The Office of Civil Rights confirmed this discrimination in its recent settlement with Utah, writing that “Survivability is a factor that can be fraught with speculation, mistaken stereotypes, and assumptions about the quality of life and lifespan of people with disabilities.” In a triage situation, Utah, and thus Massachusetts, can only consider “short-term mortality.” Massachusetts must make an individualized assessment based on the most objective information available. I look forward to a state CSC that values all lives equally.
DPH must also affirm that disabled people are entitled to suicide prevention services. In May, I attended DPH’s annual suicide prevention conference, titled “Building and Sustaining Hope Virtually: Reshaping the Conversation to Reduce Suicide.” I was shocked to hear a presentation wholly centered on assisted suicide, including a timeline of Western thinking on suicide, from Socrates to the French sociologist Emile Durkheim to Jack Kevorkian! The presenter justified their presentation by saying that assisted suicide had been discussed before and “may come back again.”
When the New England Journal of Medicine examined 69 of Kevorkian’s 130 victims, it found that three quarters were not terminally ill, but disabled. Not terminally ill. Disabled, and almost certainly depressed. Some had no physical condition at all. The typical profile was of a woman with a chronic illness or disability who was depressed over a recent life upset.
In Oregon, the reported end-of-life concerns are all about existential distress regarding disability. People ashamed about depending on others, humiliated by feeling like an undignified burden, or traumatized by incontinence get only suicide completion services. So at a suicide prevention conference, the state entity tasked with protecting all of us from suicide promoted a rabid killer of disabled people.
In this state, suicide prevention organizations tacitly support assisted suicide by not taking a position against it. The State’s suicide prevention plan offers almost nothing to us.

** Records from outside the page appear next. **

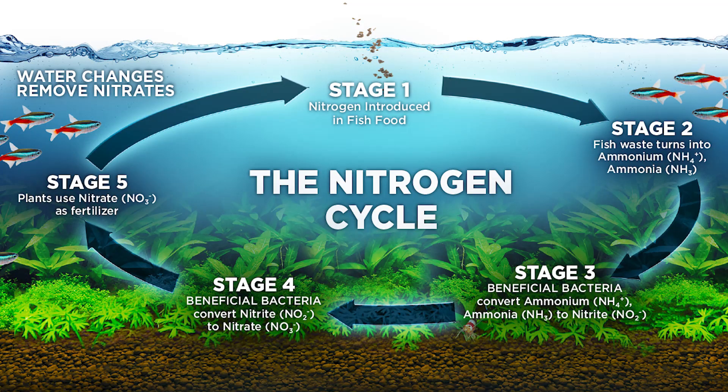The other key difference with BioStratum is its bioactivity. The substrate is infused with dormant, beneficial, nitrifying bacteria, but once in contact with water, it is activated to break down waste and kickstart the nitrogen cycle. Adding organic soils like the Stratum series to an aquarium usually results in increased ammonia levels, which can be dangerous for fish, so BioStratum rapidly reduces these levels and helps to stabilize water conditions in your aquarium.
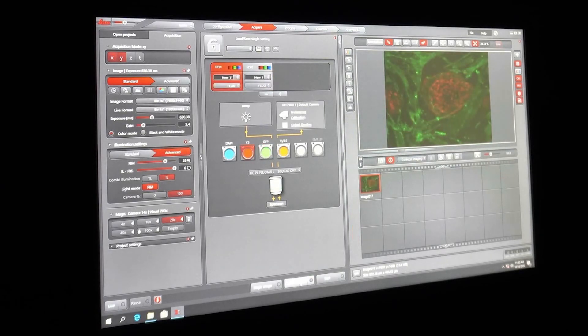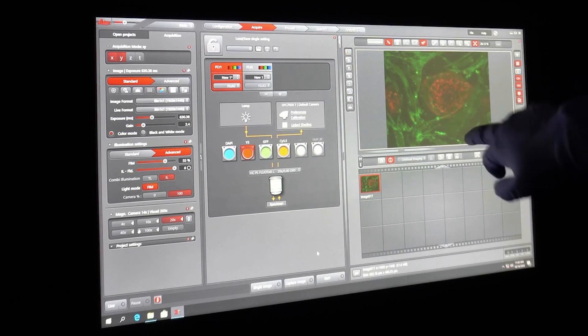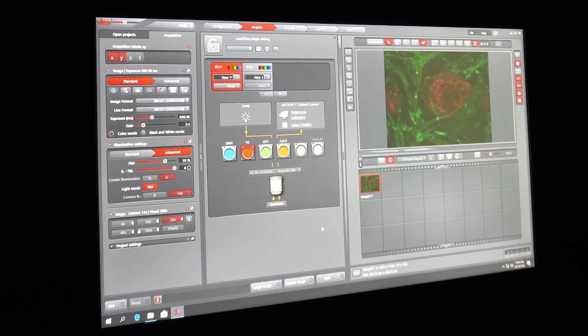You can now assess from this image how well your reprogramming has worked, and the presence of TRA-1-60 staining here indicates that it has been successful. You may also want to go back and adjust the settings further, as in this case the CD44 staining is a little bit oversaturated in comparison with the TRA-1-60 staining. It is also possible for the iPSCs to grow over the top of the MEF cells, so there may be some overlap between the red and green staining.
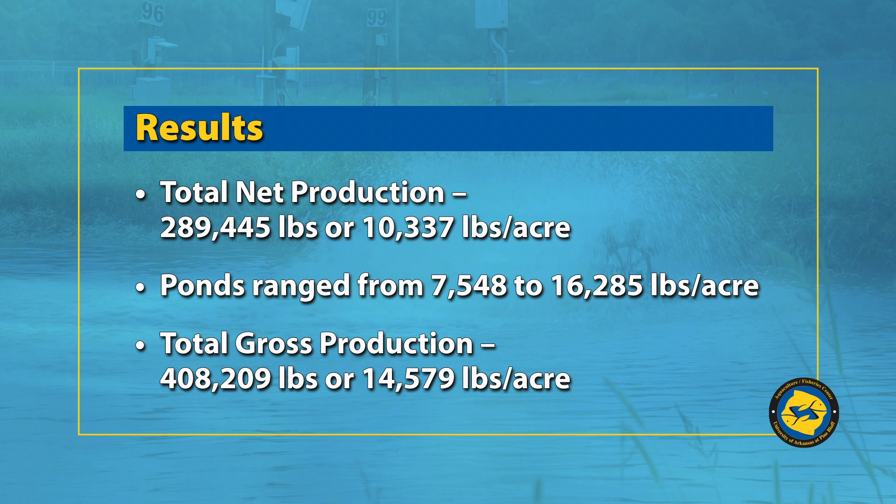The results: our total net production was 290,000 pounds, about 10,000 pounds-plus per acre. We had a range of 7,500 pounds per acre to 16,000 pounds per acre. The 7,500 is quite low for this study, but that pond had a bacterial infection and poor survival. Our gross production averaged 14,500 pounds per acre.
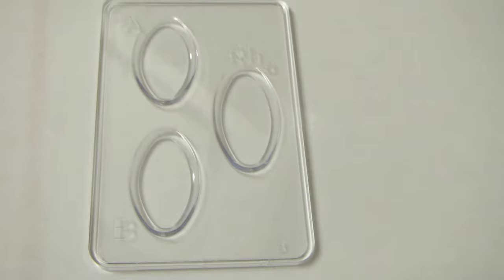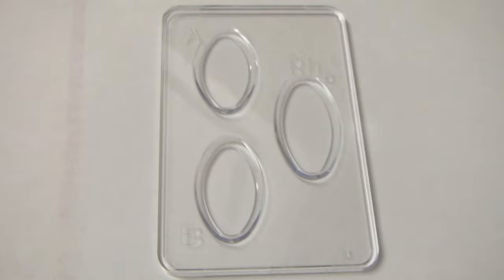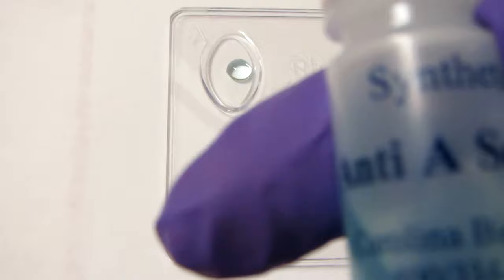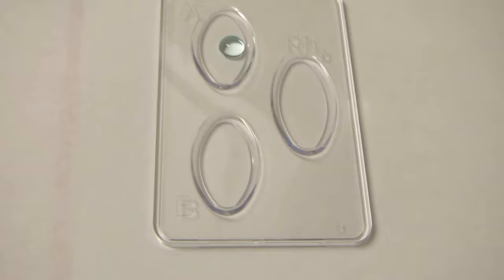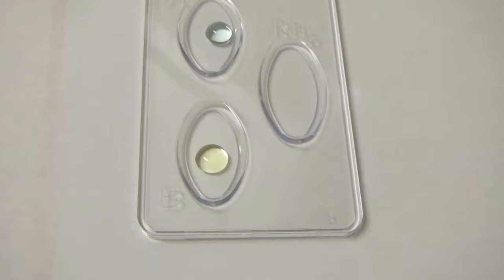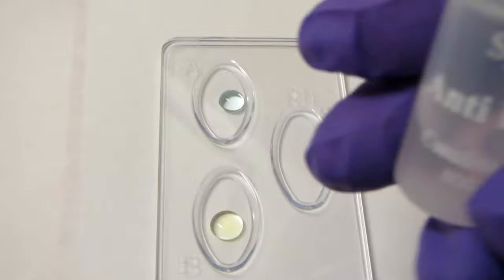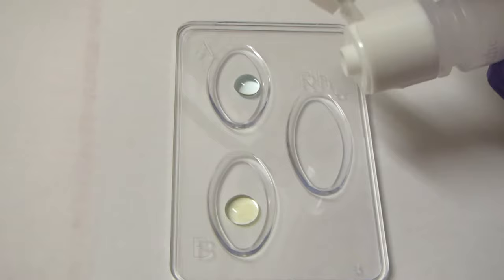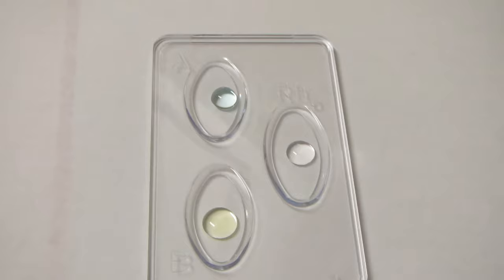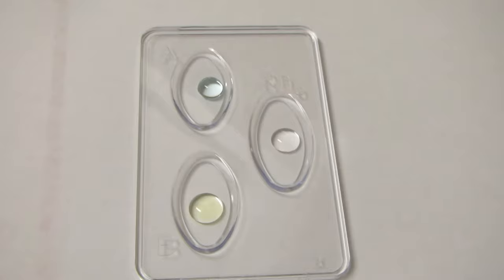We're going to take our anti-A serum and put a drop in the A well. Remember, anti-A means it's going to react against the antigens found in A blood. We take our anti-B serum and put a drop in the B well — that reacts against the antigen found on type B blood cells. Then we've got our anti-D serum; remember, type D is the other name for RH factor. We put a drop in the RH well, and the antibodies in there will react against the RH antigen if it's present on the blood cell.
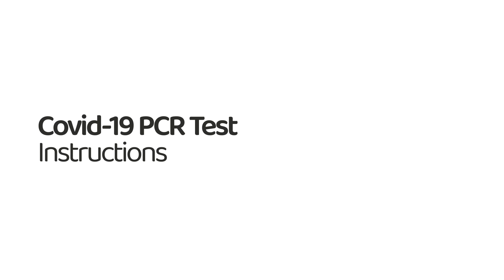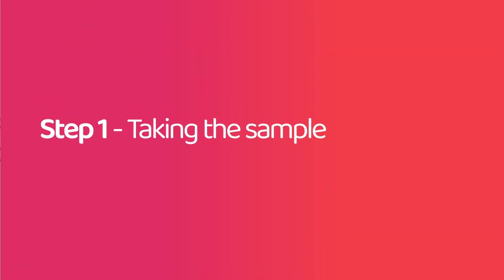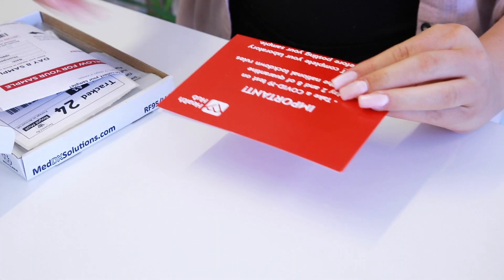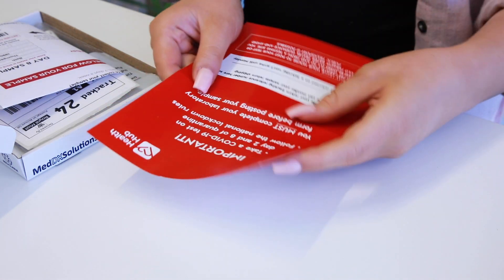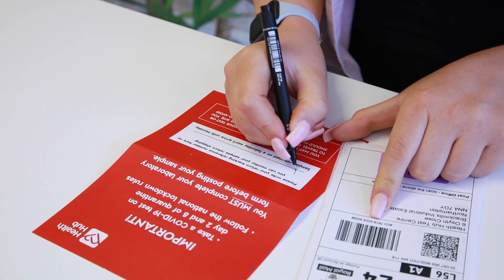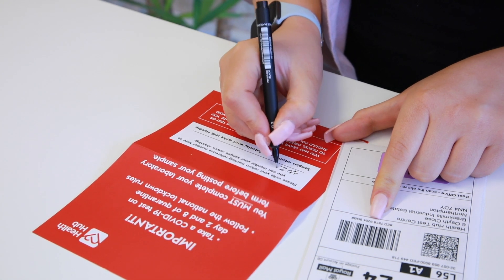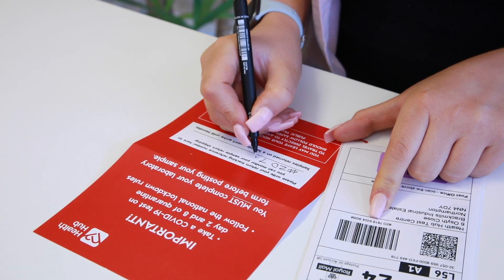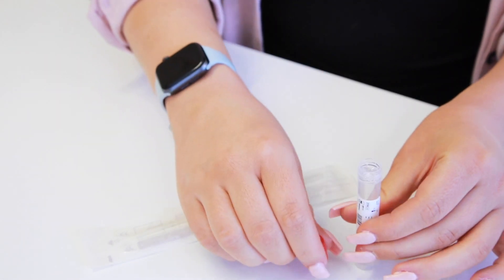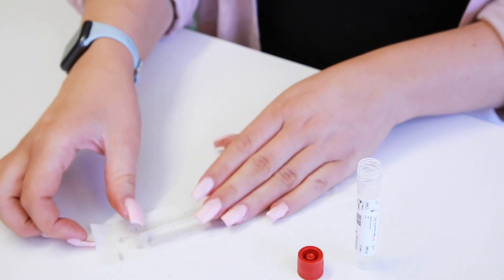How to take your coronavirus home swab test. Step 1: Taking the sample. First, open your test packet and read the enclosed instructions carefully, as they may differ slightly to those in this video. Next, be sure to make a note of the return tracking number provided. Unscrew the lid from the collection tube, being careful not to spill the fluid inside. Remove the swab from its packaging.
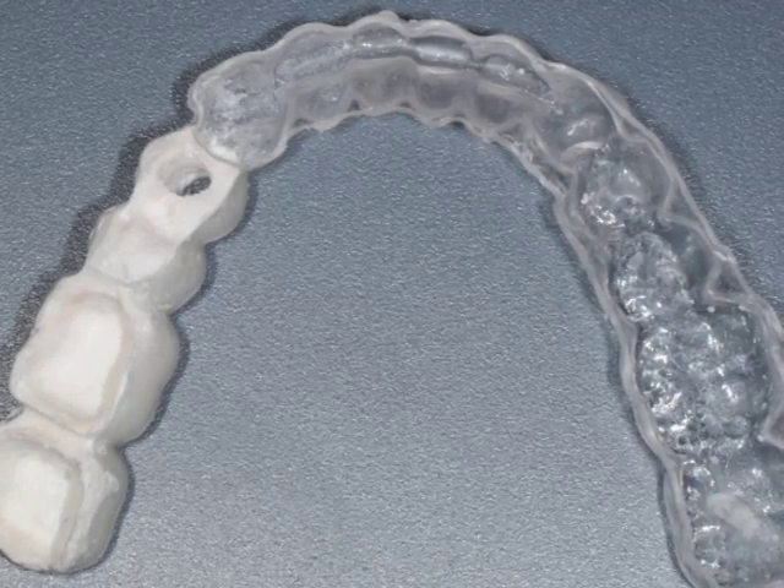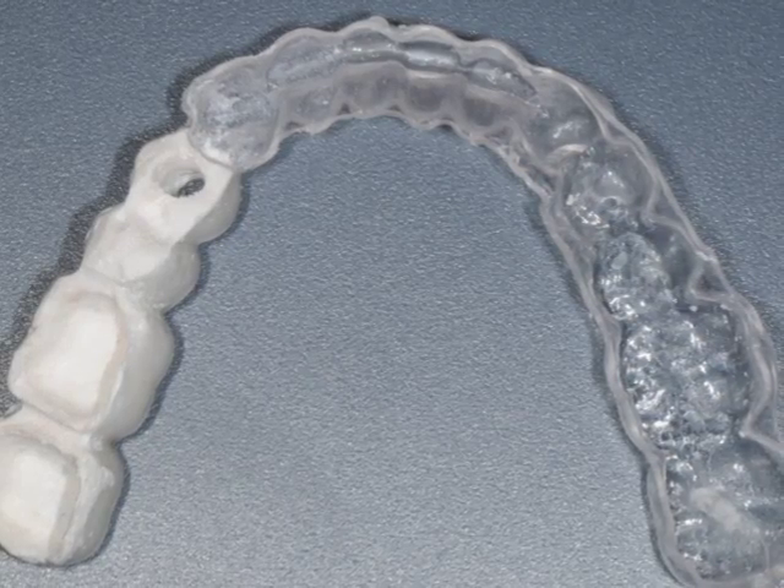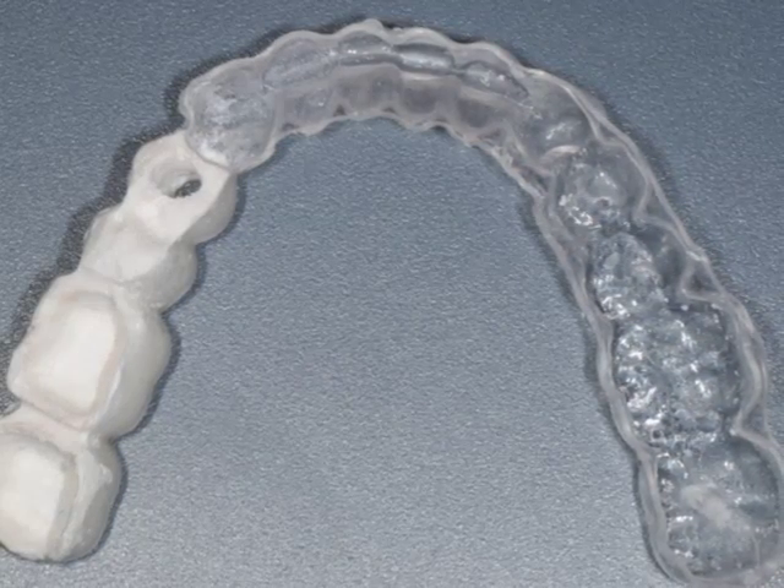Hi, this is Dr. Kazemi. In this short video, I'd like to show you how to fabricate imaging guides when planning for dental implants for your patients.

DPH should adopt Connecticut’s commitment to preventing disabled people’s suicides. Its plan acknowledges that assisted suicide negatively impacts disabled people because of its operating principle that disability is a “fate worse than death.”
Connecticut’s plan states that: Until recently, the Connecticut Suicide Advisory Board (CTSAB) was considering assisted suicide of the terminally ill as a separate issue from suicide prevention. The active disability community in Connecticut, however, has been vocal on the need for suicide prevention services for people with disabilities. There may be unintended consequences of assisted suicide legislation on people with disabilities. Peace (2012) writes that “Many assume that disability is a fate worse than death. So we admire people with a disability who want to die, and we shake our collective heads in confusion when they want to live.” People with disabilities have a right to responsive suicide prevention services. The CTSAB intends to continue to explore the needs of the disability community for such services.
We disabled people demand responsive suicide prevention services.
To conclude, disabled people in this state, as much as anyone, deserve equal medical care and suicide prevention services. We disabled people are human beings who demand full respect from our state. Thank you.